» Required action: All lines from the one holding "Luxury Glamping Retreat" to the end of the listing are to be output exactly, both ends included, with any pictures left out.

» Collected data:
▶

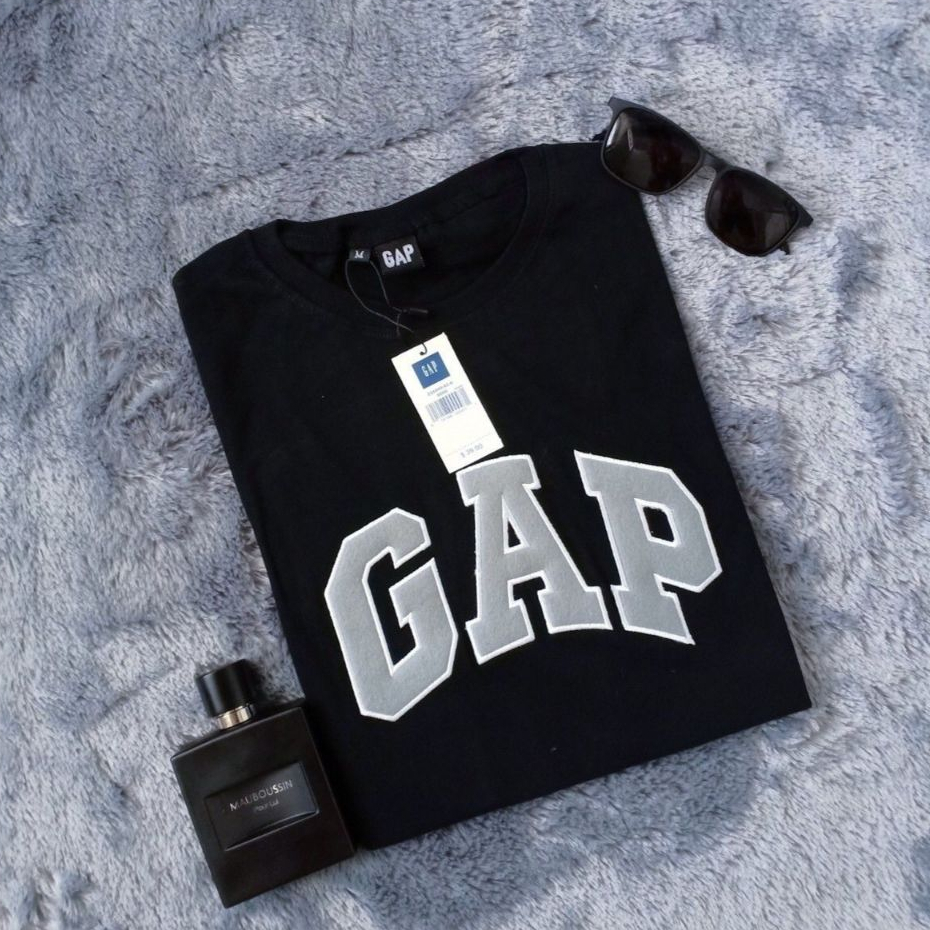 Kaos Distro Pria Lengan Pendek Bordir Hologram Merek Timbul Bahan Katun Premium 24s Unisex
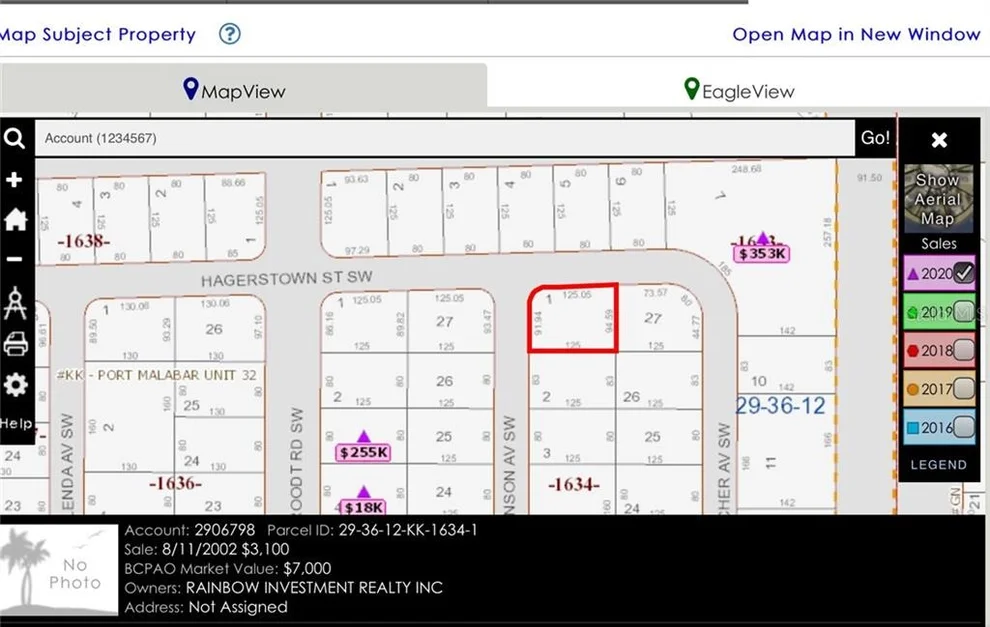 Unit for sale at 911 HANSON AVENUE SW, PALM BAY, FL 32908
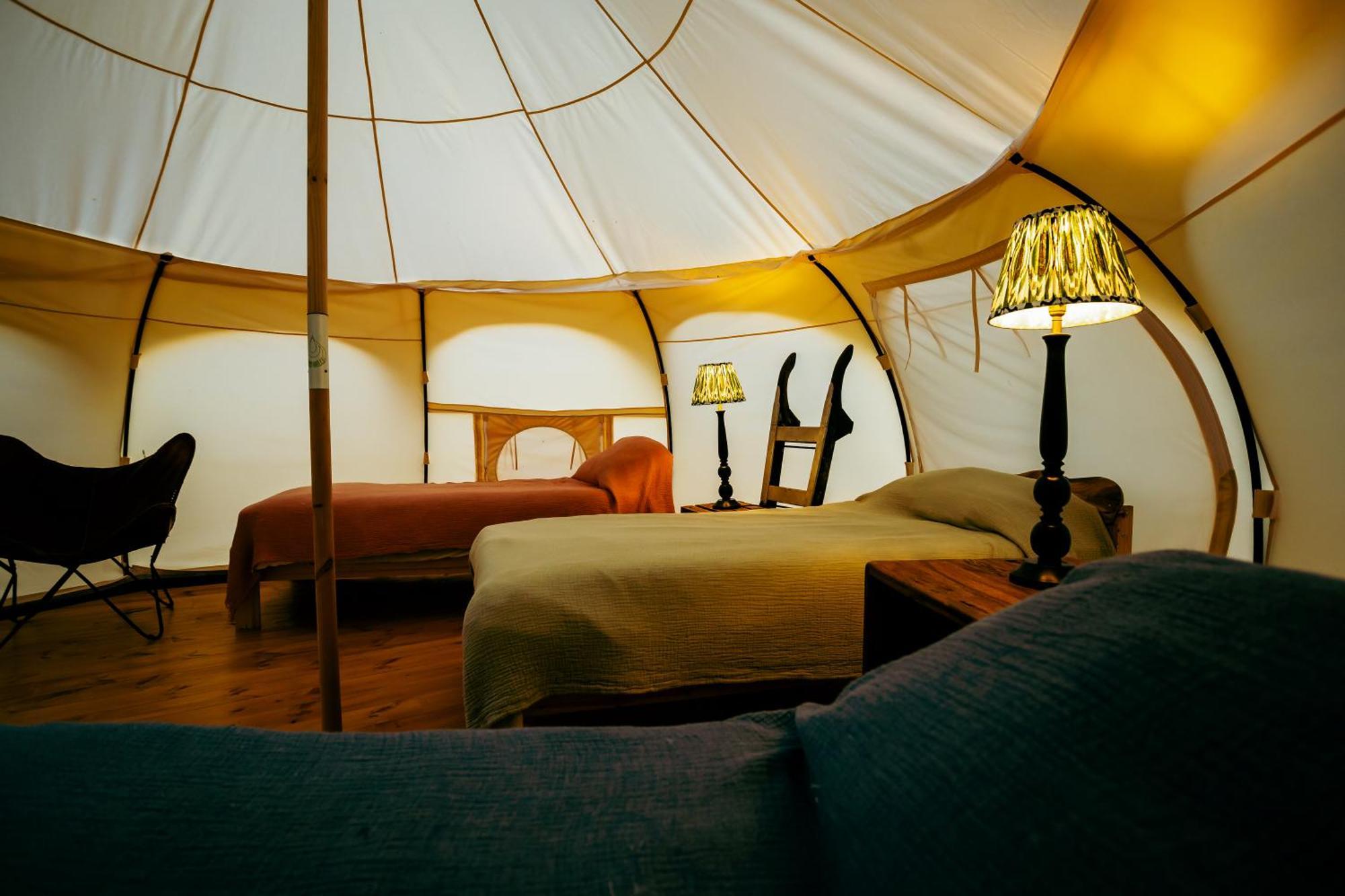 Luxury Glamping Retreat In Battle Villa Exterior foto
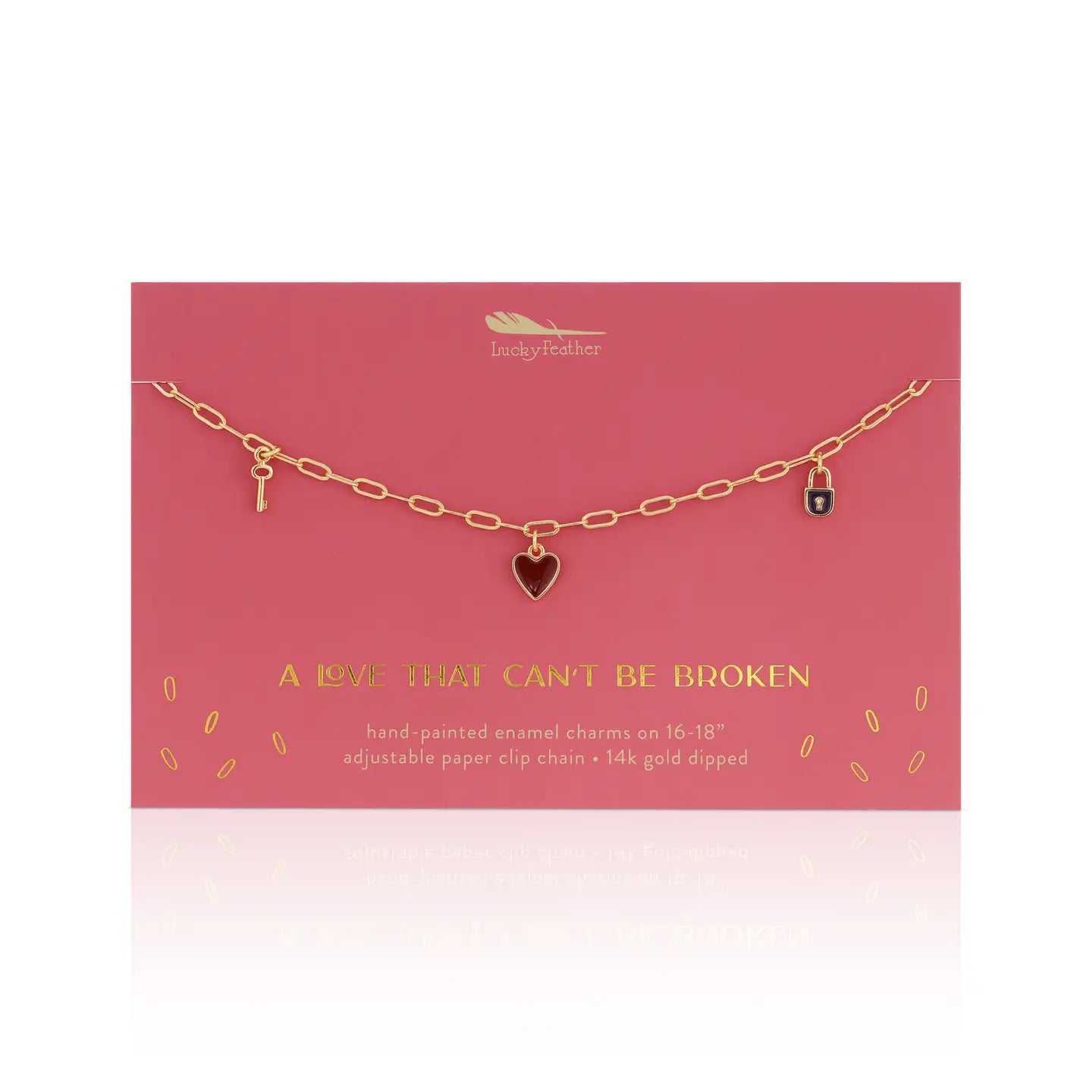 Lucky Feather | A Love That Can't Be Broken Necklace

◀

» Answer area:
 Luxury Glamping Retreat In Battle Villa Exterior foto
 Lucky Feather | A Love That Can't Be Broken Necklace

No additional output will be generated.